Upiory antysemityzmu są jednak stale obecne i zapewne długo jeszcze, mimo obustronnie czynionych wysiłków wygaszenia, będą ciągnąć się w ogonie historii obu narodów. Jeszcze nie całkiem wymarły stereotypy Żyda-lichwiarza, wykorzystującego biedotę w mieście oraz Żyda-karczmarza rozpijającego polskiego chłopa na wsi. Żywy jest także pochodzący już z czasów drugiej wojny światowej stereotyp Żyda-komunisty, witającego z otwartymi ramionami wojska sowieckie wkraczające w 1939 r. na wschodnie tereny Rzeczypospolitej, przemieniającego się natychmiast w gorliwego NKWD-zistę na służbie bolszewików. Pokutuje również jeszcze w niejednym polskim umyśle stereotyp anonimowego Żyda-międzynarodowego aferzysty, intryganta knującego na zgubę Polski – wielce wygodnego chłopca do bicia, którego można bezkarnie obarczyć odpowiedzialnością za wszelkie narodowe nieszczęścia. Kolejny stereotyp Żyda-członka narodu który zabił Jezusa Chrystusa jest już tak wyjątkowo prymitywny, że wymieniam go z wielkim wahaniem. Inne absurdalne stereotypy nie warte są nawet wzmianki.
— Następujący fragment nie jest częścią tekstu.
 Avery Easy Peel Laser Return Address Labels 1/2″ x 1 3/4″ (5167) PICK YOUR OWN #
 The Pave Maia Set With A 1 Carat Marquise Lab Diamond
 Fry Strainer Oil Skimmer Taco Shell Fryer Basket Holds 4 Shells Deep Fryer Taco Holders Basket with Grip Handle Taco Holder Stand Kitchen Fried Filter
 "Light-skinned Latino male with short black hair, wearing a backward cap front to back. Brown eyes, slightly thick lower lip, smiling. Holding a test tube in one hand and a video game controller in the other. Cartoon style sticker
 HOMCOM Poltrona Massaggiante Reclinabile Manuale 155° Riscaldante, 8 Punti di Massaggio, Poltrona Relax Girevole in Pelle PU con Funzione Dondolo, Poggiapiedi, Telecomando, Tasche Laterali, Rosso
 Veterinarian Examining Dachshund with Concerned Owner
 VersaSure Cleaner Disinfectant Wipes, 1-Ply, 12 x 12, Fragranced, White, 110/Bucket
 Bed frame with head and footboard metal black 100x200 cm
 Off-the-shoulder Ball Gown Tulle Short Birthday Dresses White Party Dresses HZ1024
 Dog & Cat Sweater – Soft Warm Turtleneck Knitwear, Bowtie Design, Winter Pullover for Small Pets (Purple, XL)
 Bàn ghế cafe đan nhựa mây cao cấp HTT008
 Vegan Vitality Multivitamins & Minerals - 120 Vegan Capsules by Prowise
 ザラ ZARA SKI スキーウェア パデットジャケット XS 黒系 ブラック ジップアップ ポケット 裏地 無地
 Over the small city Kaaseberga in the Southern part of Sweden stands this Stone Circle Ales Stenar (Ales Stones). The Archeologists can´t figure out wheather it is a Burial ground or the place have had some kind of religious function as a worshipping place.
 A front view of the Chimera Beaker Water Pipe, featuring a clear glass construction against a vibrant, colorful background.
Narosłych przez wieki stereotypów, i to nie tylko rodzimej proweniencji, nie da się jednakże wykorzenić w ciągu jednego czy dwóch pokoleń. Jest to również bardzo długotrwały proces historyczny.

W żadnym przypadku nie oznacza to jednak, aby w cywilizowanym społeczeństwie działaniami ludzkimi mogły kierować resentymenty, a problemy narodowościowe miały być rozwiązywane przy pomocy amoku pogromów dokonywanych na nic temu nie winnych członkach mniejszości narodowej. Żadne inne przejawy fizycznej przemocy też nie mogą być tolerowane. Kryminalne i zbrodnicze odruchy sfanatyzowanego, bezmyślnego tłumu zawsze są godne słów najwyższego potępienia i zdecydowanego odporu.

Natomiast z punktu widzenia dobra Polski, przyjęcie z otwartymi ramionami patriotów polskich żydowskiego pochodzenia dążących do pełnej asymilacji ze społeczeństwem polskim, jest jak najbardziej celowe i pożądane. Mogą oni bowiem wnieść do narodowego genotypu szereg dotąd słabo tam reprezentowanych korzystnych cech.